Но добился. Площадь чуть передвинули, сквер предусмотрели, и домишко тот в этот сквер как раз и вписался. И как только утвердили бумагу, так Семен Митрофанович и шагнул впервые за порог…
А теперь-то друзьями они с Марией Тихоновной были. И не только они: дом пионерами с утра до вечера кишел — тут музей братьев-героев организовали, и шуму в доме столько появилось, что Семен Митрофанович даже заопасался. Но Мария Тихоновна улыбалась, и уголья на лице ее давно уже теплыми стали: грели, а не жгли…
А голубой краской крыша у домика в сорок первом году была покрашена. Еле-еле младший лейтенант отыскал этот колер…

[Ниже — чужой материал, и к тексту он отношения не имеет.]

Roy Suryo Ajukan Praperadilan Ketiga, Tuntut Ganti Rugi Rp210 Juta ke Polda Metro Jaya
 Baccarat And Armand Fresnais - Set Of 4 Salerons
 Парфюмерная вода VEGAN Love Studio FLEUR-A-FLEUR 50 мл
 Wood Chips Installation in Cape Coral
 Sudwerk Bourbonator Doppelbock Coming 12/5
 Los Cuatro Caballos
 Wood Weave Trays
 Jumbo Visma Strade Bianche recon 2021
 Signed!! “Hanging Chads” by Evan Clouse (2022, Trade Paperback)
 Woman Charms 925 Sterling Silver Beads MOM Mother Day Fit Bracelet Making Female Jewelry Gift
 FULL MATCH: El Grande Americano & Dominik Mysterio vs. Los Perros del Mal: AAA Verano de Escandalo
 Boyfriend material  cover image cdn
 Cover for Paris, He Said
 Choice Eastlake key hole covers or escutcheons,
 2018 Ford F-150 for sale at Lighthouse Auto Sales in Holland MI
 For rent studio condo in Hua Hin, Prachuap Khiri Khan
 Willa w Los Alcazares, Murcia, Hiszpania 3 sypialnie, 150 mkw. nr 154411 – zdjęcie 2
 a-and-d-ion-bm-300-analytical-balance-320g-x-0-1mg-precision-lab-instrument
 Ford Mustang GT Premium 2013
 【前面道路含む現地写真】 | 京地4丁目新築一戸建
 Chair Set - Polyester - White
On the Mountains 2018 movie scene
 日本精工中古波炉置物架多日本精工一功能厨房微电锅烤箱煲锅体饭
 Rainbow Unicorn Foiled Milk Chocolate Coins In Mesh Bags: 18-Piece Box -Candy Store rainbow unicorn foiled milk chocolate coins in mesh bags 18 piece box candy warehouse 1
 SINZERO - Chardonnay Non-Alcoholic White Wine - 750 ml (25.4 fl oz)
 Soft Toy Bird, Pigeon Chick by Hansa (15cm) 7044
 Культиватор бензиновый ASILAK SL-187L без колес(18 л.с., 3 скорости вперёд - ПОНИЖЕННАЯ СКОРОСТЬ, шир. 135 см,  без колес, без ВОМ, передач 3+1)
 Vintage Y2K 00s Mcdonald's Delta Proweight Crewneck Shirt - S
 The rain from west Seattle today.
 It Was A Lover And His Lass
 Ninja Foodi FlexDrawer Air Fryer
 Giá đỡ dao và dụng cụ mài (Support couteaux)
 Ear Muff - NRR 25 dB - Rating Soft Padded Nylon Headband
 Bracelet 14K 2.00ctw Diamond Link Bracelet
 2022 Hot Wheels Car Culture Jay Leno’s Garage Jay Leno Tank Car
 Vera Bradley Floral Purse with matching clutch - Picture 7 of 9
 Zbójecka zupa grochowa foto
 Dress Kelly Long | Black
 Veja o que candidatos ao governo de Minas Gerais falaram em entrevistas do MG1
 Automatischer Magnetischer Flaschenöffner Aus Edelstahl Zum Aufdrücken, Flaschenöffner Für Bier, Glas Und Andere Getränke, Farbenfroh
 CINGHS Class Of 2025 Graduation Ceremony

Но пока шагал он от дворцов к деревяшкам, думал совсем не о Марии Тихоновне, а об Артеме Ивановиче. Думал с уважением, сколько лет сидит среди книг в душной, плохо спланированной квартире тихий, незаметный работяга-ученый, давным-давно позабывший о том, что у людей есть законные выходные и отпуска. И еще с неудовольствием думал, что у папаши Анатолия, к примеру, дача есть, а вот у Артема Ивановича ничего нету, и что это очень несправедливо. И тут ему пришло вдруг в голову, что несправедливость эту устранить легче легкого: в деревне той, куда он через сутки уезжать собирался, домишко купить труда не составляло. И даже, думал он, даже и покупать-то не надо, а надо только потолковать с руководством колхоза, какой умный и полезный для деревни человек Артем Иванович, и колхоз — Ковалев в этом ни секундочки не сомневался — немедленно выделит ему дом и, возможное дело, даже будет отпускать молоко и картошку. И, обдумав это, Семен Митрофанович сразу повеселел и решил завтра же еще раз навестить Артема Ивановича и во что бы то ни стало уговорить его переселиться к ним в деревню хотя бы на три-четыре месяца в году.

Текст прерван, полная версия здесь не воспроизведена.